Kyle MacLachlan headlines as Dale Cooper, a charmingly eccentric FBI agent who brings his unconventional techniques (including psychic premonitions and dream-time clues) to the rural Washington State town of the title to solve the murder of high school girl Laura Palmer (Sheryl Lee), found “wrapped in plastic” on the banks of a river. Michael Ontkean is Sheriff Harry Truman, a straight arrow, salt-of-the-earth lawman with an easy manner, a devotion to his community, and an unwavering dedication to justice. Cooper takes to him immediately and the two dig into the secrets under the façade of what seems to be a tranquil small town nestled in the forests of the American frontier. But scratch the surface and you find extramarital affairs, drug dealers, sexual perversion, and pure psychic evil, along with high school melodrama, frustrated longings, Laura’s identical twin cousin, and a power struggle at the lumber mill between matriarch Catherine Martell (Piper Laurie) and Jocelyn Packard (Joan Chen), widow of the owner and heir to the fortune.
The sprawling cast includes Richard Beymer as shady, somewhat sleazy business tycoon Benjamin Horne, Sherilyn Fenn as his seductive daughter Audrey (who secretly goes undercover to help out Cooper’s investigation), Peggy Lipton as the diner owner Norma Jennings married to a bullying husband (Chris Mulkey), Russ Tamblyn as a psychiatrist who could use a session or two himself, and Lynch favorite Jack Nance (Eraserhead himself) as a gentle soul who gets to utter some of the show’s most surreal lines (“Don’t drink that! There’s a fish in the coffee pot!”).
Lynch wrote the first three episodes with his co-creator Mark Frost and directed the feature-length pilot and the astounding third episode, which ends on the “red room” dream scene, the most mind-bending moment in American television up to that time.
After the first abbreviated season of eight episodes, Lynch returned to direct the feature-length second season debut.
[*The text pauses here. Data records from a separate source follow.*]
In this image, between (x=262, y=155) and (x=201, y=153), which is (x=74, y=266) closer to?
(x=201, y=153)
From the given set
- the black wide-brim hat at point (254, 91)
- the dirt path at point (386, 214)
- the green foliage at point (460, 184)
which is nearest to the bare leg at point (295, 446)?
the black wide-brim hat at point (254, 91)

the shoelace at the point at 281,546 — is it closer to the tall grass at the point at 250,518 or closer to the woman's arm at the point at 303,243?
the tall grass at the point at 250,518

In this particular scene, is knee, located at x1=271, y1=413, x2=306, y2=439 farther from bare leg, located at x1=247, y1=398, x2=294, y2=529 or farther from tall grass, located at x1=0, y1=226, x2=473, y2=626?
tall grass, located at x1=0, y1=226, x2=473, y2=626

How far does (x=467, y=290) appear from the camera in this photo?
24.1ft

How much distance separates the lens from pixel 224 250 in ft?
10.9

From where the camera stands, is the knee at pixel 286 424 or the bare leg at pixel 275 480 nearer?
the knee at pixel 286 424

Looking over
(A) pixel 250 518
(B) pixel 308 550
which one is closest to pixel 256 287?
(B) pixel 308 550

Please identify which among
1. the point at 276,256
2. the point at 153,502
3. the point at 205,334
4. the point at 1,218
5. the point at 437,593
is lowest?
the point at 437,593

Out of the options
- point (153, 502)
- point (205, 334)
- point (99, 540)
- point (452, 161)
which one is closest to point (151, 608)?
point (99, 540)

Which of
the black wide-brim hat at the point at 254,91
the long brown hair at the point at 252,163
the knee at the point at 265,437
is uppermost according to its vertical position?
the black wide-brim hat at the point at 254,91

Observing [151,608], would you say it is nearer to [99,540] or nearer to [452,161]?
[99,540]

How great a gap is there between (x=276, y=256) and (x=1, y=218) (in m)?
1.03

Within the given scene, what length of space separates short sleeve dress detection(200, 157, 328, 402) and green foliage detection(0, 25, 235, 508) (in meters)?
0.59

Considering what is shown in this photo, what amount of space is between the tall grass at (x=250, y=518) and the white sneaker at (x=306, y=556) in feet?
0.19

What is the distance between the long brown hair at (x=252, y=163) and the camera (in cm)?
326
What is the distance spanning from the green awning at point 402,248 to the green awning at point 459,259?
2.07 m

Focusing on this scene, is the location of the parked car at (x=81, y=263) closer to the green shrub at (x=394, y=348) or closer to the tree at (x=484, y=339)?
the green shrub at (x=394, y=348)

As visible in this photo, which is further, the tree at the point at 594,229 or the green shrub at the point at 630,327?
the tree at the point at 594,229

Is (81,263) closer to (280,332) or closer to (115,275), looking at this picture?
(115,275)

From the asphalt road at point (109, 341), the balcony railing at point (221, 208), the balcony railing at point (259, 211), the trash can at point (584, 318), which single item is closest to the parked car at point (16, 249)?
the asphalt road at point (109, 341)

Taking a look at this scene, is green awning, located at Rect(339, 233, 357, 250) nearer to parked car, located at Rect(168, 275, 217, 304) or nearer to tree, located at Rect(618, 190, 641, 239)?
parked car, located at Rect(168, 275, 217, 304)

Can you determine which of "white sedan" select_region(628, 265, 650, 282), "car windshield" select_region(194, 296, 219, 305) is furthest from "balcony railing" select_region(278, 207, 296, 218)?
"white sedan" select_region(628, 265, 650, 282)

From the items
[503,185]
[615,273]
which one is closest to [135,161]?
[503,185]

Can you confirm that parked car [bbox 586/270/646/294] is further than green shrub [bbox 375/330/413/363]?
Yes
It’s filled it with the delirious details and strange moods that made the show such riveting TV, beginning with the painfully funny comedy of Agent Cooper maintaining his unfailingly polite cool while lying wounded and bleeding on his hotel room floor. But then Lynch and company reveal Laura Palmer’s killer and, under the guidance of writers/producers Harley Peyton and Mark Frost, the show slips from the most playfully, creatively strange show of its day to become merely strange in its spoof of soap opera tropes: amnesia, split personalities, alter egos, brain-dead villains roused back to life, perhaps even an alien abduction. Then, just when it seems to be running aground, Lynch returns for the series finale and brings back the metaphysical madness in a cliffhanger finale engineered to delight and distress in equal measure: a return to the red-curtain dream room that plays like a door-slamming chase turned into a supernatural game of tag with a wicked bite.
The guest cast includes Billy Zane, Michael Parks, Dan O’Herlihy, Jane Greer, Heather Graham (at the start of her career), Miguel Ferrer, Lynch himself as a hearing-challenged FBI boss who shouts every line, and pre-“X-Files” David Duchovny as a transvestite agent.
Also on DVD and Blu-ray (see details below the trailer) and on SVOD through Amazon Video, iTunes, GooglePlay and/or other services. Availability may vary by service.
Twin Peaks: The Original Series plus Fire Walk With Me & The Missing Pieces [Blu-ray]
Twin Peaks: The Definitive Gold Box Edition [DVD]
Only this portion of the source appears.